##### Materials provided #####

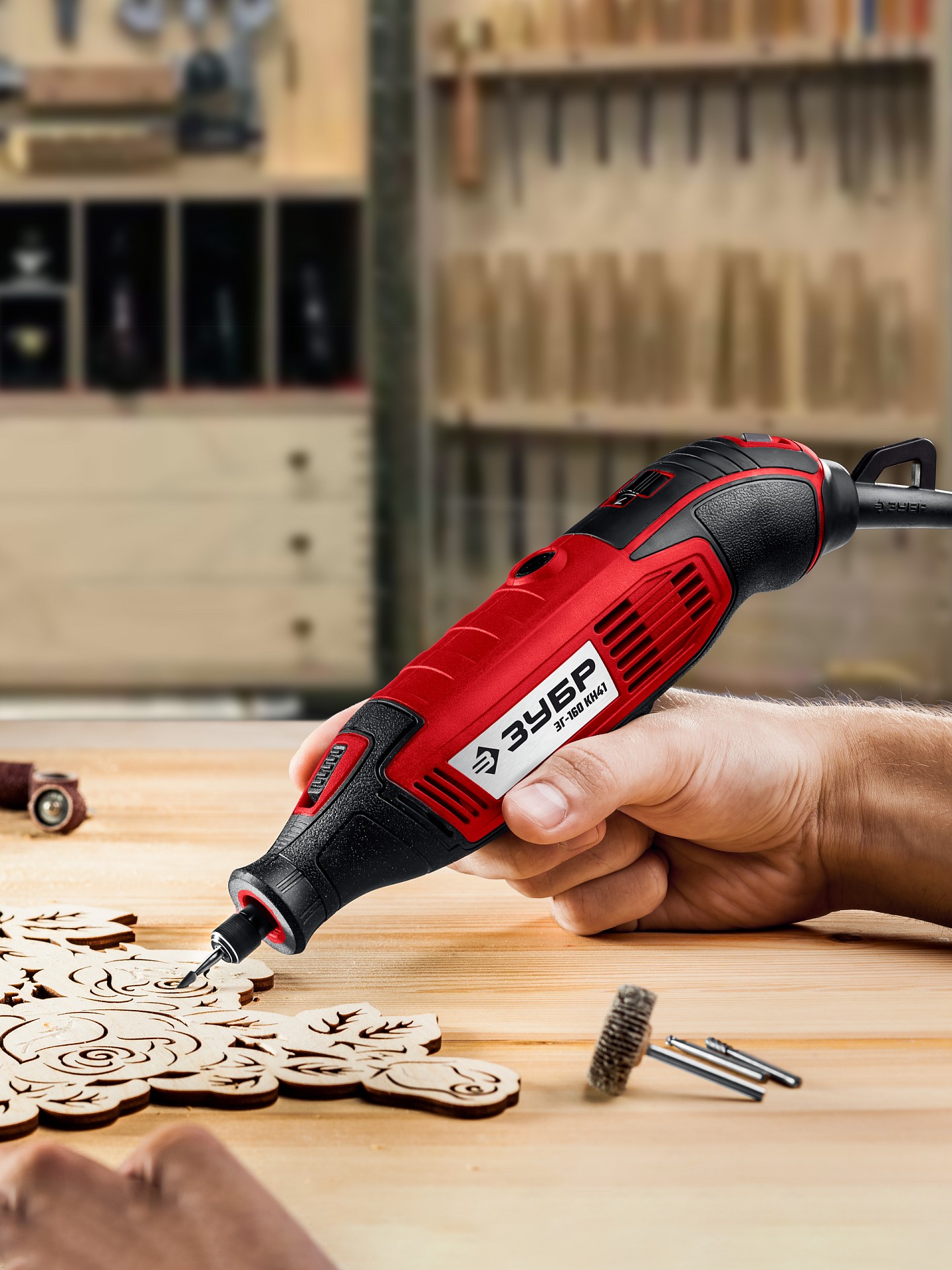 ЗУБР 245 предметов, 160 Вт, набор мини-насадок с гравером (ЗГ-160-H245) — фото 6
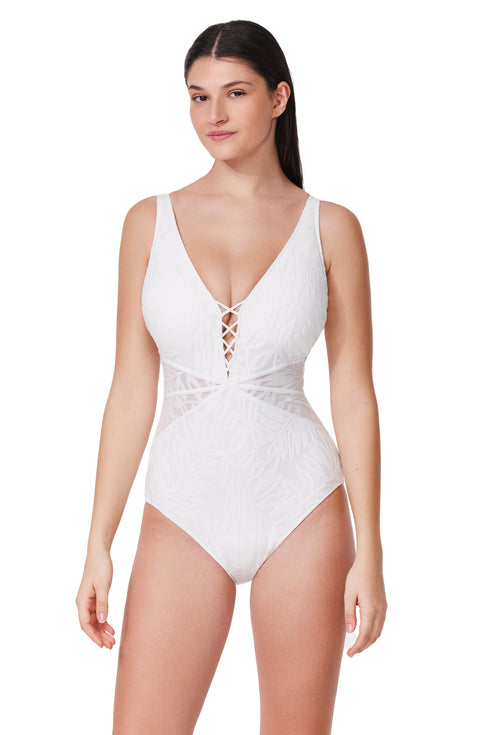 Profile by Gottex Skyfall Textured V-Neck D-Cup One Piece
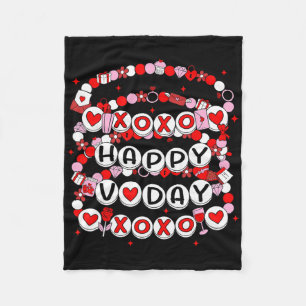 Happy Valentine Xoxo V-day Friendship Bracelets Gi Fleece Blanket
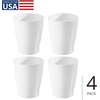 image:imageiDesign Small Round Plastic Trash Can White Set of 4  Ideal for Bathroom or Office Made in USA
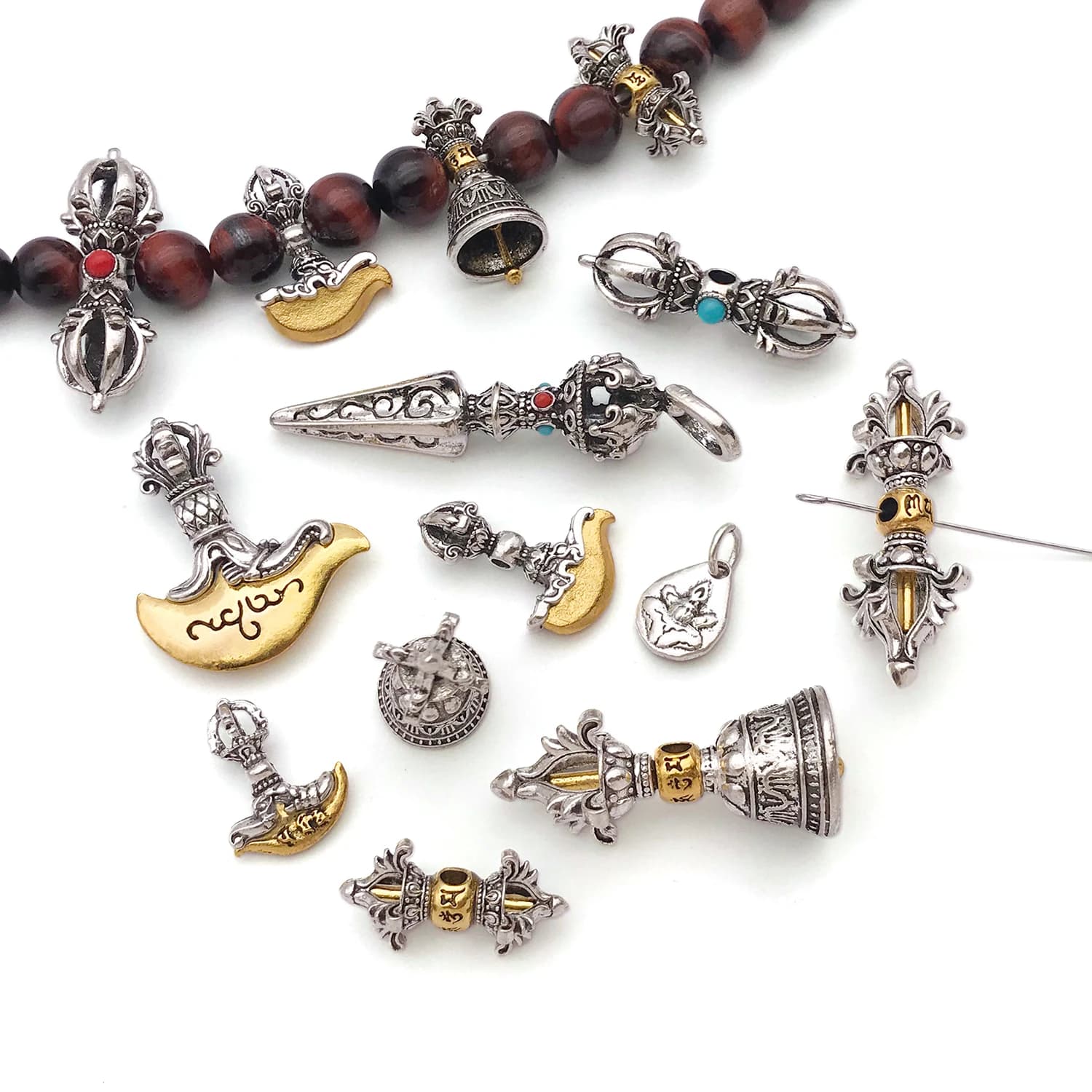 1pc Tibetan Alloy Charms, Vajra bell Vajra Pestle Pendants, for DIY Bracelet Necklace Earrings Jewelry Making Accessories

#####

§ Problem description
Transcribe every entry word for word, excluding images.

§ Task solution
 ЗУБР 245 предметов, 160 Вт, набор мини-насадок с гравером (ЗГ-160-H245) — фото 6
 Profile by Gottex Skyfall Textured V-Neck D-Cup One Piece
 Happy Valentine Xoxo V-day Friendship Bracelets Gi Fleece Blanket
 image:imageiDesign Small Round Plastic Trash Can White Set of 4  Ideal for Bathroom or Office Made in USA
 1pc Tibetan Alloy Charms, Vajra bell Vajra Pestle Pendants, for DIY Bracelet Necklace Earrings Jewelry Making Accessories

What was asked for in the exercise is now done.